▶ **Activity**
Retype the whole listing below exactly, keeping every picture out of it.

▶ **Given data**
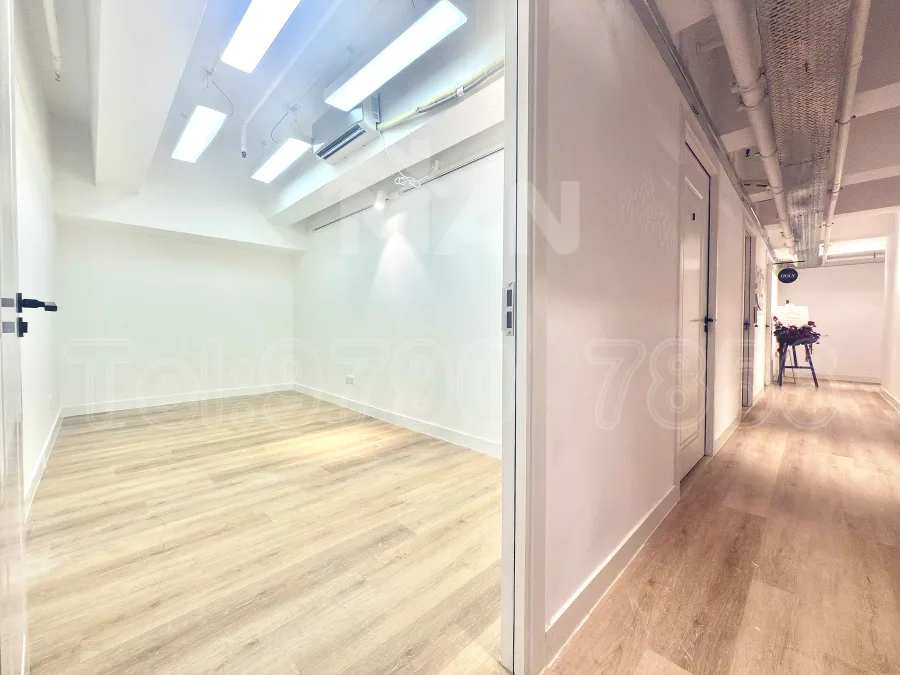 Rm.10 世貿大樓 World Interests Building MANHKCOM 工廈租盤 觀塘租盤 觀塘租工作室 觀塘網店出租 觀塘多用途工作室出租 租觀塘樓上舖 觀塘工廈出租 觀塘工作室出租 觀塘studio出租 觀塘分租單位 租觀塘工作室 觀塘樓上網店出租 觀塘租樓上舖 觀塘樓上舖出租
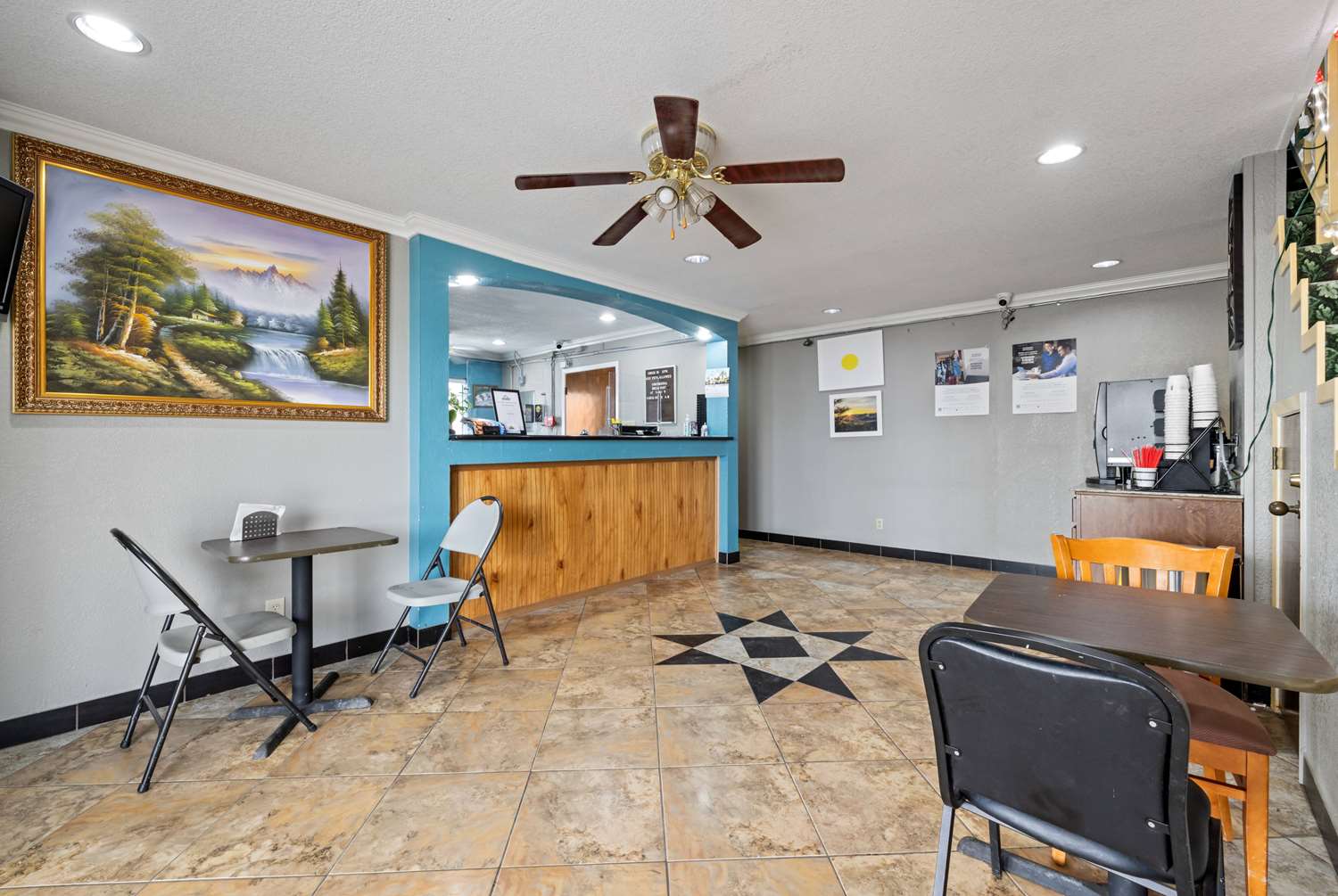 Days Inn by Wyndham Kenedy/Karnes City 6/23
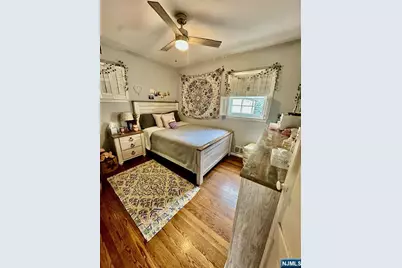 303 Shaler Boulevard, Ridgefield, NJ 07657 - Photo 16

▶ **Reply to the task**
 Rm.10 世貿大樓 World Interests Building MANHKCOM 工廈租盤 觀塘租盤 觀塘租工作室 觀塘網店出租 觀塘多用途工作室出租 租觀塘樓上舖 觀塘工廈出租 觀塘工作室出租 觀塘studio出租 觀塘分租單位 租觀塘工作室 觀塘樓上網店出租 觀塘租樓上舖 觀塘樓上舖出租
 Days Inn by Wyndham Kenedy/Karnes City 6/23
 303 Shaler Boulevard, Ridgefield, NJ 07657 - Photo 16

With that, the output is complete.